The imprecise estimates result from the fact that the tax does not apply to assets “used directly” in carrying out a college’s educational purpose, but the IRS has not yet defined which assets qualify as such. “We would argue that everything we use the endowment for is an educational purpose,” Sisson said.

She said Pomona is well-positioned to weather the impact of the tax in the short term. If it falls on the low end, it could be largely absorbed by the college’s $1 million emergency contingency fund. If it falls on the high end or persists into the longer term, it could require modifications to the college’s operating budget.

However, in that scenario, the college would attempt to make cuts “in areas that do not affect the student experience,” Sisson said.

She emphasized that financial aid was a priority of the college and would not be cut. “There would be a lot of other places that the college would look before it would touch one penny of financial aid,” she said.

Faculty and staff salaries are also most likely safe, she said.
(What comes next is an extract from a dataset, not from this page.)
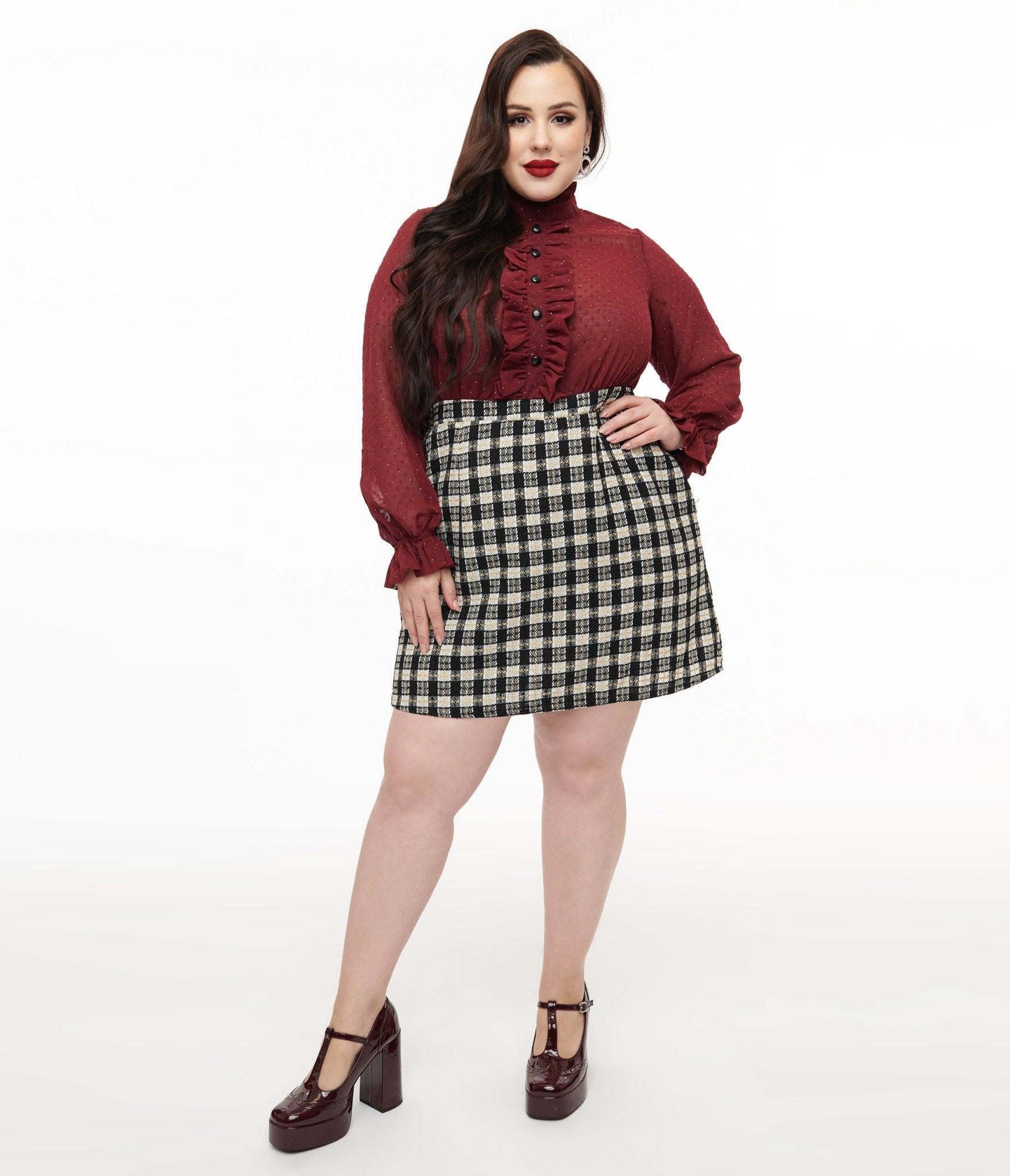 Smak Parlour Plus Size 1960s Burgundy & Plaid Ruffle Neck Empire A - Line Dress - Unique Vintage - Womens, DRESSES, A - LINE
Instead, the budget might be slimmed by, for instance, delaying renovation of aging facilities by a few years.

At CMC, endowment earnings fund around 30 percent of the operating budget.
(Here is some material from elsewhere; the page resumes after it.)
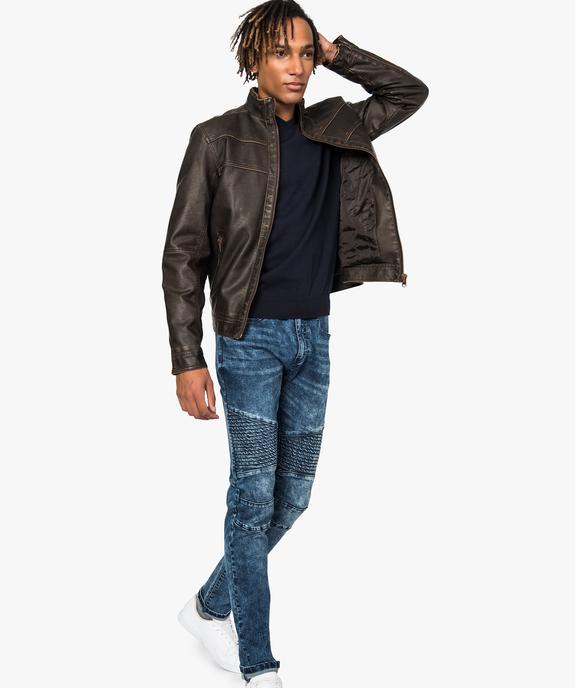Blouson homme zippé style motard imitation cuir vue5 - GEMO (HOMME) - GEMO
In lieu of an interview, CMC President Hiram Chodosh wrote an email to TSL. His statement did not address the potential cuts the college might have to make to accommodate the tax. However, Chodosh did write that the tax “punishes vital contributions that endowments make to our students and their families, including direct support for financial aid, faculty and academic programs, and student-facing services.”

A CMC spokesperson also referenced an opinion column by CMC Trustee Harry McMahon published in The Wall Street Journal, in which McMahon warned that the tax could discourage donations, restrict financial aid, and force tuition hikes at many of the affected colleges.

Chodosh referenced the same ambiguity Sisson identified as to which parts of the endowment were taxable. He wrote that the law “violates tax-exempt principles” that have traditionally shielded educational institutions.

Both Chodosh and Sisson attributed the motivation behind the tax to resentment among the general public against the perceived elitism of wealthy colleges. Karin Johns, a tax policy lobbyist for an association of private colleges that includes all 5Cs, told Politico “it’s really just more of a punishment because they don’t like our sector.”

Pomona’s president, G. Gabrielle Starr, expressed similar views in a statement emailed to students Dec. 1. “I find this seeming devaluation of higher education deeply, deeply troubling,” she wrote. She warned that the tax puts the “ability of colleges as institutions to support our students, faculty, and staff … at risk.”

Former Pomona President David Oxtoby argued against taxing college endowments in a September 2016 column for The Hill. “College endowments are good and necessary investment vehicles that benefit students and the broader public,” he wrote.

Harvey Mudd and Scripps would have been taxed as well under an earlier version of the tax bill that targeted all colleges with endowments above $250,000 per student, but they were spared when the cutoff threshold was raised in the final version. A controversial separate provision taxing tuition waivers for graduate students was also dropped.